What a sustainability fashion portfolio looks like
She included in her portfolio a wealth of technical detail around the sustainability of her thought process, materials, choice of trims, functionality of design, and thinks this piqued the company’s interest. Although she had sourced recycled polyester, and organic hemp and cotton she was unable to get access to all of the sustainable performance fabrics that she had imagined for a range so heavy on outerwear. It’s common for suppliers to ignore students who can’t meet the high minimum threshold needed to make orders. Gama mentions a well-known founder of a sustainable fabric hub, saying, “We are good friends now but I tell her all the time how she ignored me when I was student. That happened a lot. But I harassed people and knocked on a lot of doors.”
She found out that zipper manufacturer YKK carried recycled PET zippers, and reached out and negotiated sponsorship. Photos of swatches served in place of fabrics she was unable to acquire. She thinks that demonstrating that the intention was there gained her points. “I want to believe it was about more than this but I think a Monocel French Terry really landed me the job,” says Gama of a swatch that the Eileen Fisher team had never come across before but have now grown to love.

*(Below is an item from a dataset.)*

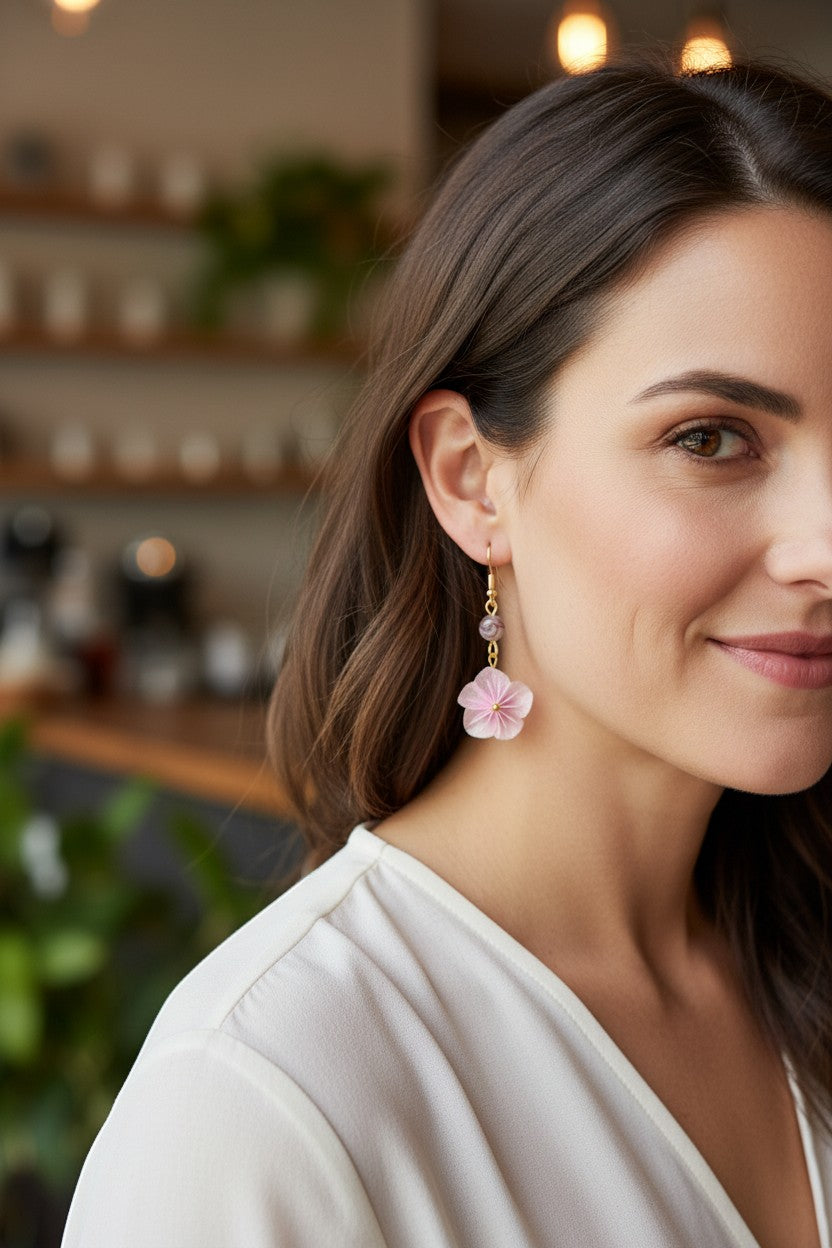 Butter Moon Creations, LLC pink floral dangle earrings with gold-tone findings and purple beads.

Connections and gaining experience are key to getting the perfect job
Gama wonders if, seven years ago when she graduated, schools such as Parsons that were investing in a future-forward sustainable curriculum, were actually preparing students to go out into a world that wasn’t ready for them. Now she sees sustainability as an adjective added to every job posting––sustainability intern, sustainability design assistant––and questions if this is truly a sign that the industry has changed or if it is a greenwashing tactic to attract talent.

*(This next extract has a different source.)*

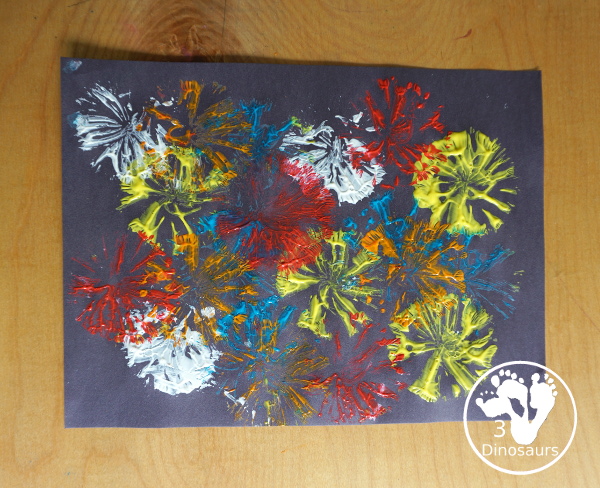 Firework Painting with String Balls - with a simple rubber band string ball painting with different colors and great for the Fourth of July and any Firework themes. And also works for the Opening Ceremony for the Olympics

But she believes there are more options for graduates today and advises them to get experience in order to figure out what they want and determine how to get it. After having come to the US to work as an au pair while studying for an AAS in fashion design at a Long Island community college, Gama began working for licenses which included creating products associated with the Kardashians, JCPenney and Macys.
“I went to Parsons because I didn’t want that life. I needed to have connection to a university that would change my direction,” she said. “I knew this was not the world I wanted to be in. I did not come here, leave my family behind in Mexico, for this.”
She acknowledges that the route to success is easier if you manage to get accepted into a top tier fashion program as she did. “Even though many of the professors at the community college I attended were also teaching at Parsons, the resources were nowhere near the same. Plus there’s the high-profile competitions, the industry contacts, the CFDA which is all over the big universities,” she says. “I was exposed to all these industry leaders, and it’s the connections these schools have that you are paying for.”
But it’s important for her to make clear that she did not come from money and worked hard along with receiving student loans to get where she wanted to be. If a top tier school is out of reach, she recommends figuring out other ways to connect with the industry and access their resources. Doing an online or part-time course, or speaking to industry professionals about your goals can still help you get there. “It’s the same kind of research as what I did to get the swatches for my portfolio,” she says. “Whoever wants it can get it.”
In conclusion she offers a word of caution to those disenchanted graduates who feel like cogs in the corporate machine dreaming of working at Eileen Fisher or Mara Hoffman or another pioneering and independent sustainability brand: “If you have the power in a big corporation to make a small change, that might be more impactful in the larger scheme of things. In a start-up you’re learning a lot which is amazing but working for Gap and implementing that small change, your sustainability footprint will actually be bigger. We move very slow and corporate companies are just beginning to embrace these things. In the meantime talk to people all the time in the industry, learn as much as you can, because it’s a constant education. I’m learning all the time."